Paul Winter e Carlos Lyra, e o culto da saudade

Conheci Paul Winter quando produziu um álbum para o grande Renato Braz, para o qual escrevi a contracapa. Grande saxofonista, sensível, emocionou-se com a definição de saudades, que não consta no dicionário inglês.

Seu amor pelas coisas do Brasil é antigo. Aqui um LP clássico, gravado com Carlos Lyra, um dos membros da santíssima trindade da bossa-nova – ao lado de Tom Jobim e Roberto Menescal. Ambos, Lyra e Winter, jovens, se preparando para conquistar o mundo.

E saudades de um Rio de Janeiro que não volta mais.

A contracapa foi escrita no auge do otimismo com a nova democracia social brasileira.

Saudade

A saudade é negra, a saudade é cafuza, a saudade é mulata, é a nostalgia branca do colonizador europeu pelas glórias perdidas, ou do colonizado brasileiro por lembranças impressentidas de tempos que jamais viveu.

É o sentimento comum, o fio invisível que costura todos os ritmos e raças que compõem a nação musical do Brasil, da batida do samba ao crepitar do frevo, da dolência da toada e do lundu, à cadência da marcha rancho.

Desde sempre, todos os ritmos brasileiros celebraram a saudade. E celebraram com tal intensidade que, quando  a música brasileira definitivamente se internacionalizou, o hino que anunciou os novos tempos dizia “Chega de saudade” e cantava “vai, minha tristeza”.

Nos anos 50, período de profundas transformações sociais e musicais no Brasil, João Gilberto foi a síntese do que de melhor a música brasileira havia produzido até então. Foi buscar Ary Barroso e Dorival Caymmi, Geraldo Pereira e Pedro Caetano, o samba sincopada e o samba-choro e apresentou-os à juventude dourada que, a partir de Ipanema, se lançava para o mundo. O ponto em comum era o ritmo, fazendo com que Brasil musical e continental se tornasse homogêneo pela batida do violão que simulava o surdo e os tamborins do samba. O Brasil daqueles tempos cabia no Rio de Janeiro.

Da síntese de João Gilberto nasceu, nos anos seguintes, a mais rica geração de compositores do país, os filhos de João e Tom Jobim que dominaram o cenário musical dali para frente.
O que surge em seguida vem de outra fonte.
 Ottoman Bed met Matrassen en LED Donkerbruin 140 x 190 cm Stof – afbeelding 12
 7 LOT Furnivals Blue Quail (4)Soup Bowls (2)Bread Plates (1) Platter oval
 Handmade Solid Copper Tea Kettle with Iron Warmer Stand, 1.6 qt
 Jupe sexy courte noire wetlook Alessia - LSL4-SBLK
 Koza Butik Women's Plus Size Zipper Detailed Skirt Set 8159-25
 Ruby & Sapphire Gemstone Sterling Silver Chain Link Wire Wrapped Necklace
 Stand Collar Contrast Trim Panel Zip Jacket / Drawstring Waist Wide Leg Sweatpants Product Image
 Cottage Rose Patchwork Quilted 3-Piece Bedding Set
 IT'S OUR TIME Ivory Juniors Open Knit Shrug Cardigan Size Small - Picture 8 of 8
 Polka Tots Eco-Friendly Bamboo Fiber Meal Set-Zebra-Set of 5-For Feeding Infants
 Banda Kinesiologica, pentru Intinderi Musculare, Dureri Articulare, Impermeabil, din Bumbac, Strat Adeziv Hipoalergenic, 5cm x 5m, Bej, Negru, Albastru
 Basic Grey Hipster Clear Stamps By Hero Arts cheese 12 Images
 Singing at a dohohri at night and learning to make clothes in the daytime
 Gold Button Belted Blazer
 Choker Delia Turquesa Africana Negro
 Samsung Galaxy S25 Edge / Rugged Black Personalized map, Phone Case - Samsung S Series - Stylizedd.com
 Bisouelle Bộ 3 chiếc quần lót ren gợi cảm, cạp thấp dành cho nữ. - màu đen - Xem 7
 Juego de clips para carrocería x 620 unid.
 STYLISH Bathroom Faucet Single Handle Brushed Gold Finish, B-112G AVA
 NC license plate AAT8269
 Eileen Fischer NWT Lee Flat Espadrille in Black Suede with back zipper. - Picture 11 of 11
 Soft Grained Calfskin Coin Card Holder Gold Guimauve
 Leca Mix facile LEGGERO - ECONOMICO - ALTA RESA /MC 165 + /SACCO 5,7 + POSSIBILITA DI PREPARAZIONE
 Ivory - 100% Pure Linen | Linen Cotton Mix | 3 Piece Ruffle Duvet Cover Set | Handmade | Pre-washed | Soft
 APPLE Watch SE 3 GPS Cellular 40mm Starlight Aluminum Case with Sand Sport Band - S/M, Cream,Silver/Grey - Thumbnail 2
Hoje em dia, o Brasil passa por transformações tão profundas quanto às dos anos 50, um Brasil mais robusto, menos desigual, com vários polos regionais de desenvolvimento econômico e musical e, provavelmente, a mais rica geração de música instrumental da sua história.

De todos os pontos do país emergem de novas formas musicais ao renascimento de gêneros clássicos, que se supunha extintos, como a canção semierudita, a toada mineira, o caipira paulista, a guarânia.

Nesse novo cenário, Renato Braz desponta como o João Gilberto do século 21, mais eclético, contemporâneo. Não apenas se tornou o melhor cantor brasileiro da atualidade, com uma extensão vocal e uma capacidade única de adaptar a voz a cada estilo de interpretação, mas também virou um centro de referência de um novo discurso musical, com características diversas dos anos 50.

O baiano João trouxe o Brasil para o Rio de Janeiro e deu-lhe uma feição carioca e universal. O paulista Renato celebra todos os Brasis do interior, com o sotaque musical adequado a cada região.

Do mesmo modo que João, neste CD Renato traz o melhor do rico período que vai do pós-bossa-nova até os tempos atuais, passando por alguns clássicos intemporais, como Noel Rosa e Zé do Norte.

Esse Brasil multifacetado está disperso na Internet, nos vídeos do Youtube, um universo caótico, apropriado a desses tempos em que a tecnologia multiplica e dilui as informações. Daí alguma dificuldade em se enxergar a nova revolução musical que se desenha no Brasil e terá em Renato um de seus pontos de referência.